27 October 2009

HOWTO: Oracle Cross-Platform Migration with Minimal Downtime

Originally posted at The Pythian Group blog.

I recently performed a migration from Oracle 10gR2 on Solaris to the same version on Linux, immediately followed by an upgrade to 11g. Both platforms were x86-64. Migrating to Linux also included migrating to ASM, whereas we had been using ZFS to hold the datafiles on Solaris. Restoring files into ASM meant we would have to use RMAN (which we would probably choose to use anyway).

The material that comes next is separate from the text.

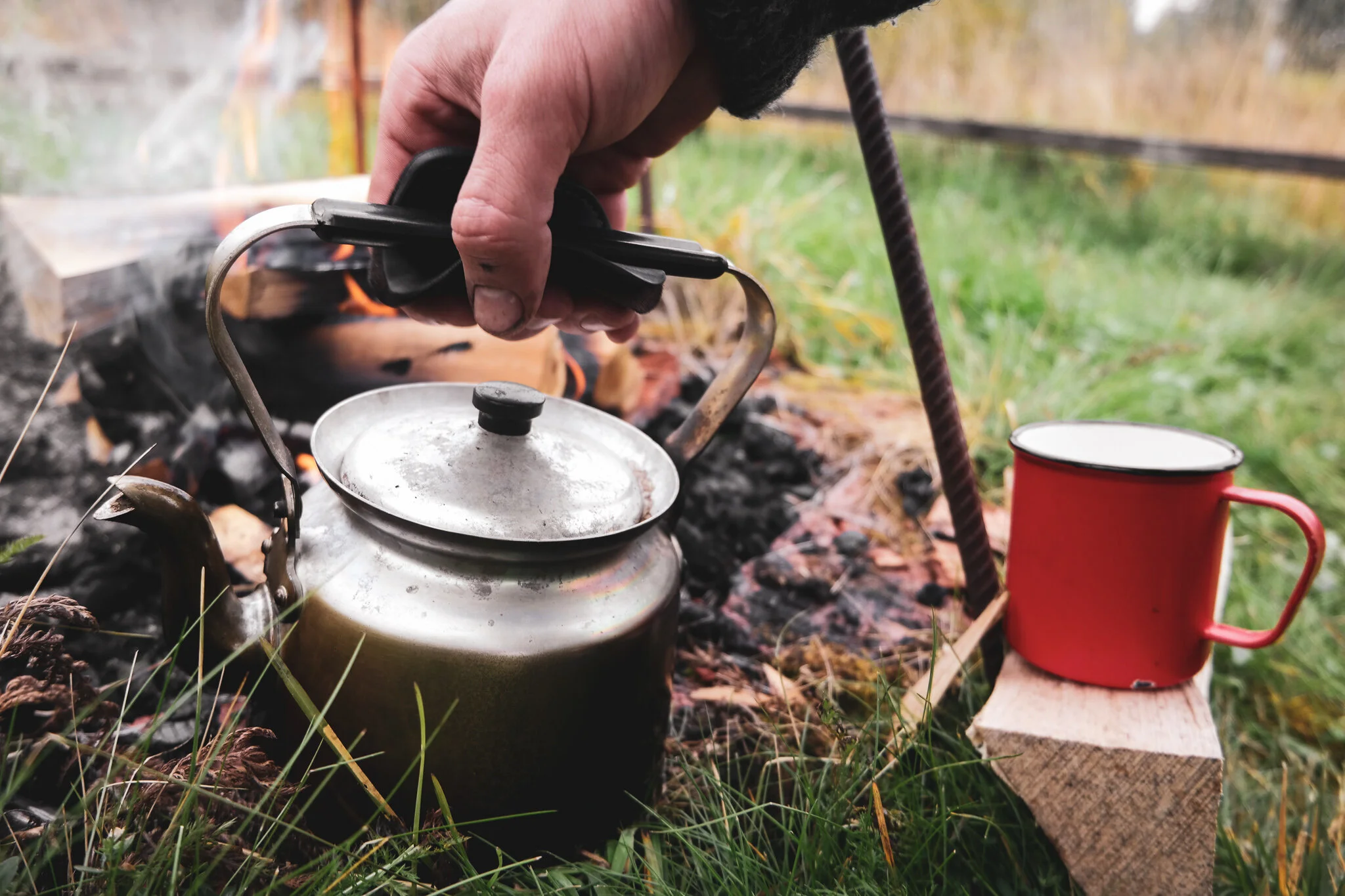 Koka kaffe över öppen eld.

As with many databases, the client wanted minimal downtime. It was obvious to us that the most time-consuming operation would be the restore and recovery into the new instance. We were basically doing a restore and recovery from production backups and archived redo logs. It quickly dawned on me that we could start this operation well before the scheduled cutover time and downtime window, chopping at least six hours from the downtime window. The client would only need to keep the new instance in mount mode after the initial restore/recovery finished, periodically re-catalog the source instance's FRA (which was mounted via NFS), and then re-run the recover database command in RMAN. Once the time comes to cutover, simply archivelog current the original instance and shutdown immediate. Then open the new instance with the RESETLOGS option, and voila! Migration complete!

I'll try to recreate a simple example here.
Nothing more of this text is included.